* **Short web captions**
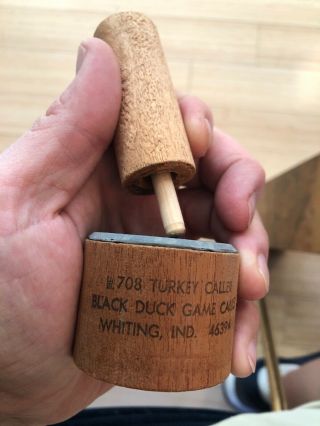 Vintage Black Duck Game Calls Co.  Turkey Caller Call W/ Box & Instructions 2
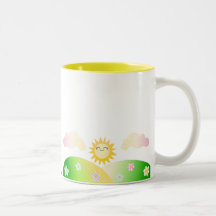 Bande dessinée mignonne de kawaii du soleil tasse à café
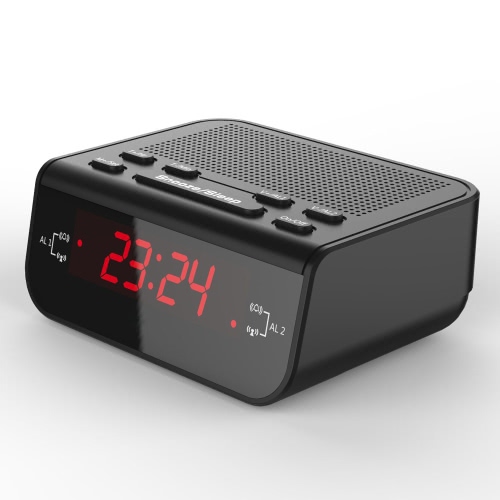 Compacto reloj despertador Digital FM Radio con alarma Dual zumbador Snooze sueño función visualización en tiempo de LED rojo
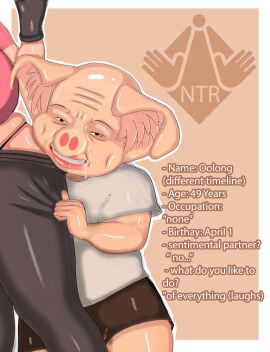 1boy 1girls absurd_res absurdres aged_up anthro black_eyes black_panties black_underwear bulma_briefs bulma_briefs_(gt_saga) character_sheet cheating cheating_wife dialogue dragon_ball dragon_ball_gt drooling english_text female gym_uniform hi_res high_resolution highres looking_at_viewer male male_focus married_female mature mature_female milf netorare ntr oolong panties pig pig_ears pig_nose saliva size_difference smile text ugly_bastard underwear undressing vyrus_smith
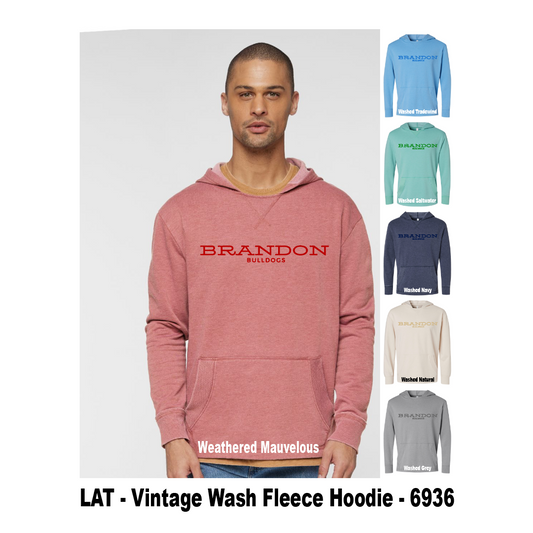 LAT - Vintage Wash Fleece Hoodie - 6936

* **What is being asked**
Only exact lines belong in the answer: those from the beginning of the entries above through the line holding "Compacto reloj despertador", with no pictures.

* **Solution to this task**
 Vintage Black Duck Game Calls Co.  Turkey Caller Call W/ Box & Instructions 2
 Bande dessinée mignonne de kawaii du soleil tasse à café
 Compacto reloj despertador Digital FM Radio con alarma Dual zumbador Snooze sueño función visualización en tiempo de LED rojo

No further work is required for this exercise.